It’s unquestionably time to be the hands and feet of Christ for those who experienced Harvey.
Yet are you wondering, perhaps paralyzed or feeling disconnected or in disbelief, as to how to even begin to help? Are your resources already feeling stretched in helping those affected by Harvey? Have you told yourself you’re going to plan a mission trip? Have you donated online generously? That is wonderful! Praise God.
Now that that’s done, we can all take joy in getting ready for the NEXT VITAL chapter of help.
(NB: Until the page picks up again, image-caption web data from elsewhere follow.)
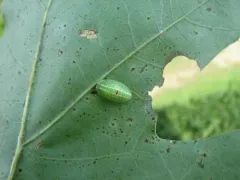Red-eyed Button Slug Moth thumbnail 4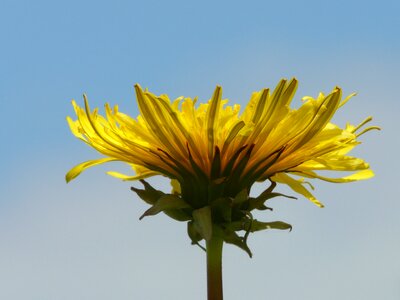 Pointed flower nature yellow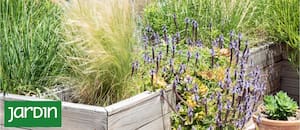 Estas plantas hacen jardines más fuertes y fáciles de mantener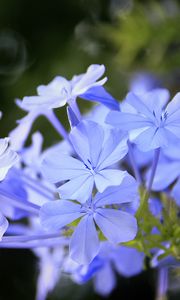 Preview wallpaper plumbago, flowers, blue, petals, blur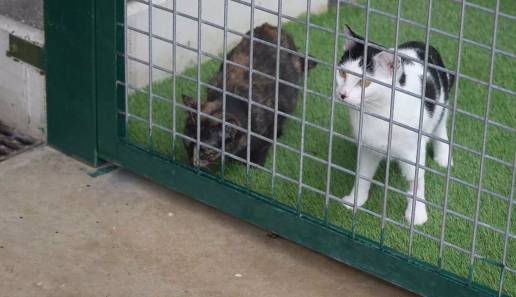 El Centro de Atención a Animales habilita un espacio separado con jardín para los cachorros de gatos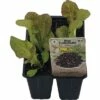 Eichblattsalat FloraSelf Bio Letuca Sativa 'Piro' Ø 6 Cm Topf 6 Stk -Hornbach Gartenmarkt DV 8 6094328 01 4c DE 20190417211658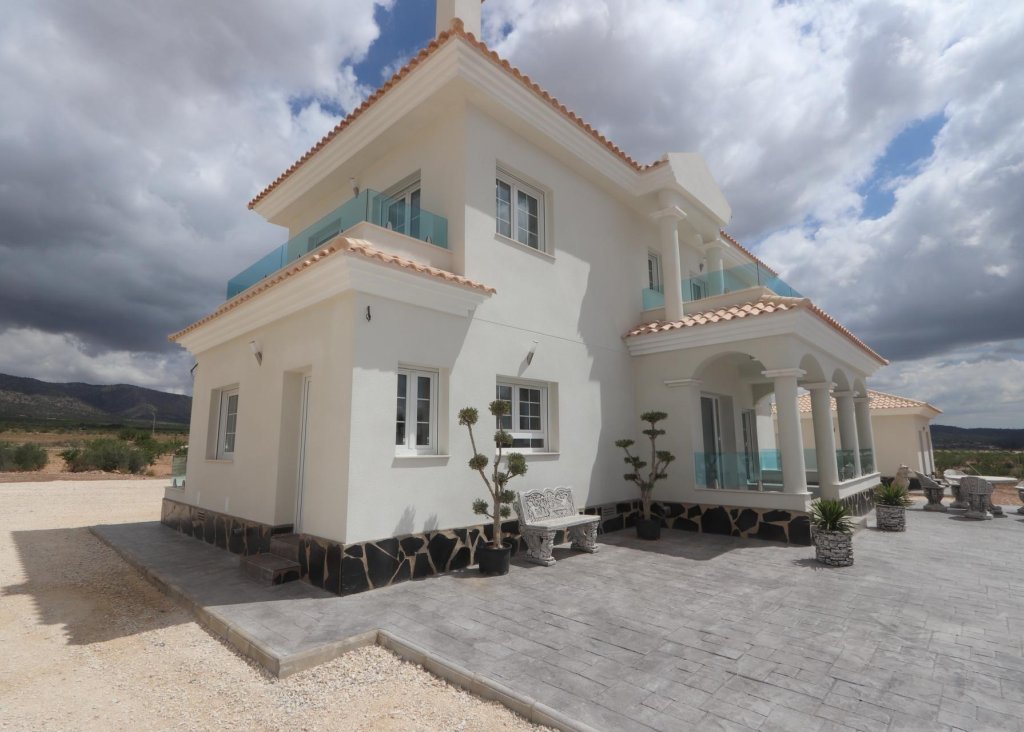 Nieuwbouw - Villa - Pinoso - Camino Del Prado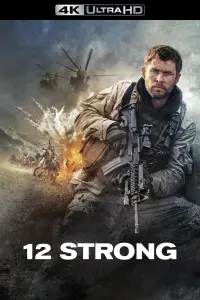 Poster to the movie "12 Strong" #49584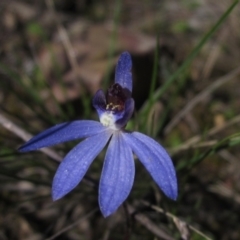 Cyanicula caerulea (Blue Fingers, Blue Fairies) at Black Mountain - 11 Sep 2021 by pinnaCLE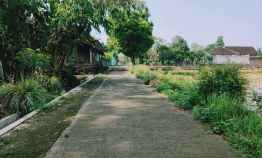 Tanah Strategis Timur Puskesmas Kedawung 2 Sragen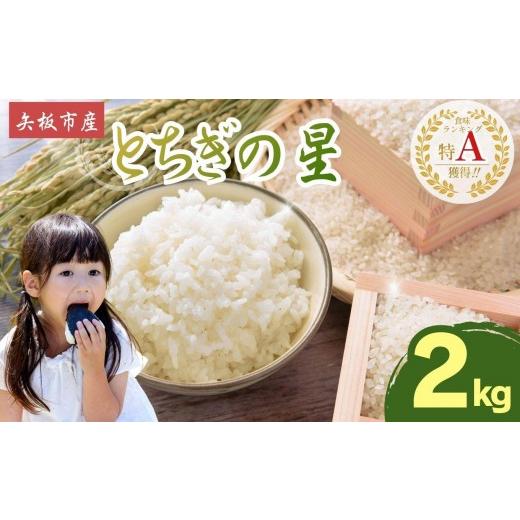 ふるさと納税 米 栃木県 矢板市 2026年先行予約 ごはんが主役 矢板市産とちぎの星 白米 2kg お米 栃木県 矢板市 とちぎの星2kg | 7,500円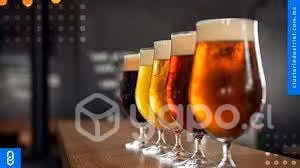 Patente cervecería comuna el bosque al día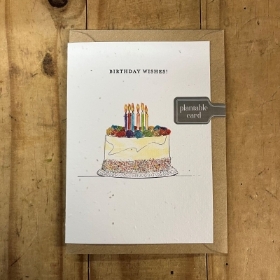 Birthday Cake Seed Card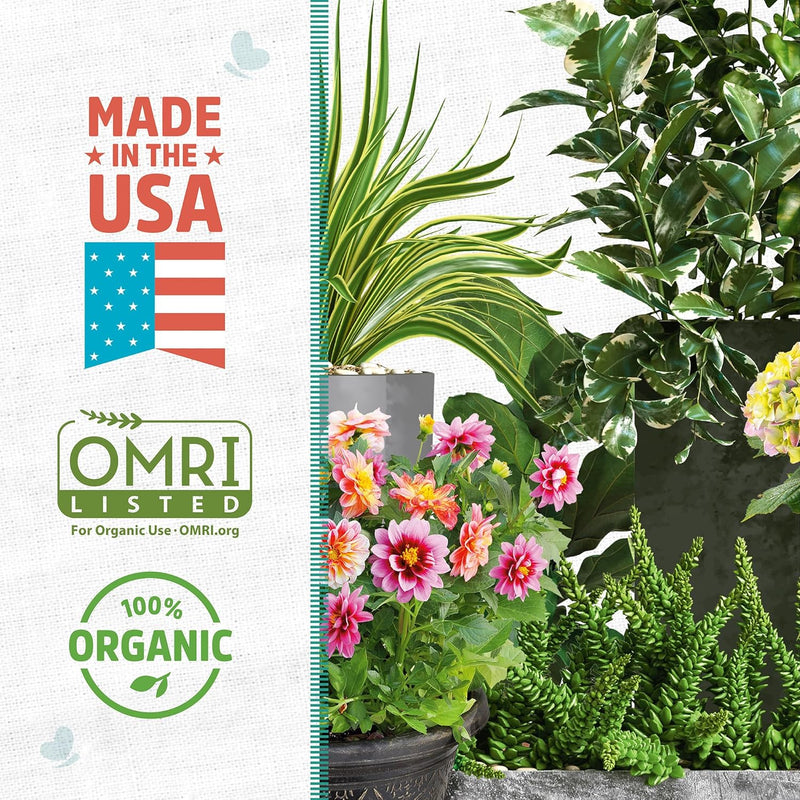 Orchid Plant Food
Have you ever grieved the death of a loved one? Perhaps your community sent flowers and brought casseroles, and it meant so much to be accompanied in your shock. When the noise died down after a couple of weeks, what did it mean to you when all got quiet and there were still the few that showed up to listen, to pray with you, to come alongside you a month, 6 months, a year after your grief began? It is a narrow road of unspeakable impact. It is Jesus’ love that says, “I will not let you become invisible in your time of great need.” Yet it is embarrassingly feasible to accomplish, since all you really need to be able to do is set a simple Google calendar reminder once a month for a couple of years.
My community -and many others - are going to need your help long after Anderson Cooper leaves Harvey’s aftermath.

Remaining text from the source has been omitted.